Game-Labs
- Type: Private
- Industry: Video games
- Founded: in Kyiv, Ukraine
- Headquarters: Kyiv
- Key people: Maxim Zasov, Nick Thomadis
- Products: Ultimate General series;
- Parent: Stillfront Group
- Website: www.game-labs.net

= Game-Labs =

Ukrainian video game developer

Game-Labs (or Game Labs) is a Ukrainian strategy and simulator video game developer based in Kyiv. It is best known for the Ultimate General and Ultimate Admiral series of games among others. In 2021, the studio was purchased by Stillfront, a Swedish holding company.

==Background==
The company was founded in January 2013 by Maxim Zasov who went on to become the CEO. That same year, he approached Nick Thomadis, formerly the creator of "DarthMod" (a series of mods that improved the AI and gameplay in several Total War games) and one of the most well-known modders in the Total War modding community. Zasov then asked him to develop a game for the company, which eventually became Gettysburg. Thomadis, as Game-Lab's Lead Game Designer, also went on to develop Civil War, another successful game for the studio, and later Dreadnoughts.

In May 2021, the studio entered an agreement to be 100% share purchased for $32.5 million by the Stillfront Group, a Swedish holding company. By that time it had "a team of approximately 30 people located in Ukraine, Russia, Greece, Dubai, Italy and Estonia".

On 24 February 2022, Game-Labs alongside others announced that development on game updates would be halted due to the 2022 Russian invasion of Ukraine as the staff were prioritising saving their families.

==Games==
=== Ultimate General series ===

Ultimate General is a popular series of American-war themed computer wargames that focus on tactics and military history. The first two were designed by Thomadis.

==== Gettysburg ====
Ultimate General: Gettysburg, the first game of the series, allows players to lead thousands of soldiers in the Battle of Gettysburg. It first became available in Steam Early Access on 12 June 2014, and was fully released on 15 October 2014 The game has been updated since release and the final version, Patch 1.09, was released in November 2017.
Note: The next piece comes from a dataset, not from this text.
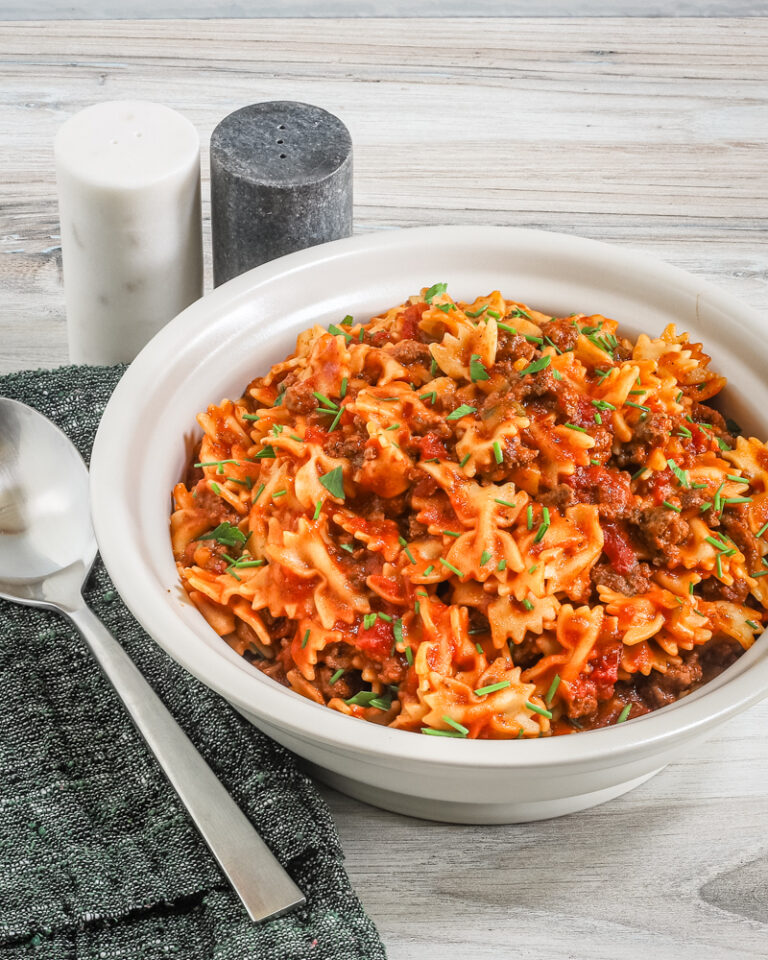 Bowl of farfalle with a beefy tomato sauce, and a place setting on the side.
According to the developers, the game is unique in "Giving you the chance to be the General of either the Union or Confederate army ... it allows you to recreate the historical facts or try out many speculative scenarios." The game claims to have accurate maps utilising satellite images and historical charts. Additional game-play features include Custom Battles, where different AI Commanders and the multi-day battles provide replayability. There are also additional custom battles where players can unlock speculative scenarios that can be played as quick battles, either randomised or with full unit strength and default army deployments. There is also a Multiplayer Experience in which the game has 18 maps for one-on-one matches.

There are differences between the iPad and the computer versions. The game was redesigned for usability and playability on tablets, and the user interface was reworked. The campaign here is replaced by 10 missions for each side, and multiplayer is not available.

==== Civil War ====
Ultimate General: Civil War, unlike Gettysburg, offers a campaign system that covers the whole American Civil War from 1861-1865, including historical battles, units and events. The game was released on 16 November 2016 in Steam Early Access. As an early access version, the game was regularly updated, and a "completed version" of the game was released on 14 July 2017. The "final" version of the game, Patch 1.10, was released on 18 May 2018. As with the previous title, the battle landscapes are hand-drawn, utilising data from satellite and historical maps

The game campaign allows players to participate in more than 50 battles, from small engagements to major battles that can last several days over multiple maps. The player's, and therefore the campaign's, ongoing success is interactively connected to player actions and battle outcomes. Historical battles can be also played separately. Custom battles also include the ability to play hypothetical battles such as Battle of Washington, and imagined parts of historical conflicts, while also covering additional battles, such as Battle of Spotsylvania Courthouse.

==== American Revolution ====
A new addition to the series, based on the American War of Independence, was released as early access on 6 June 2024.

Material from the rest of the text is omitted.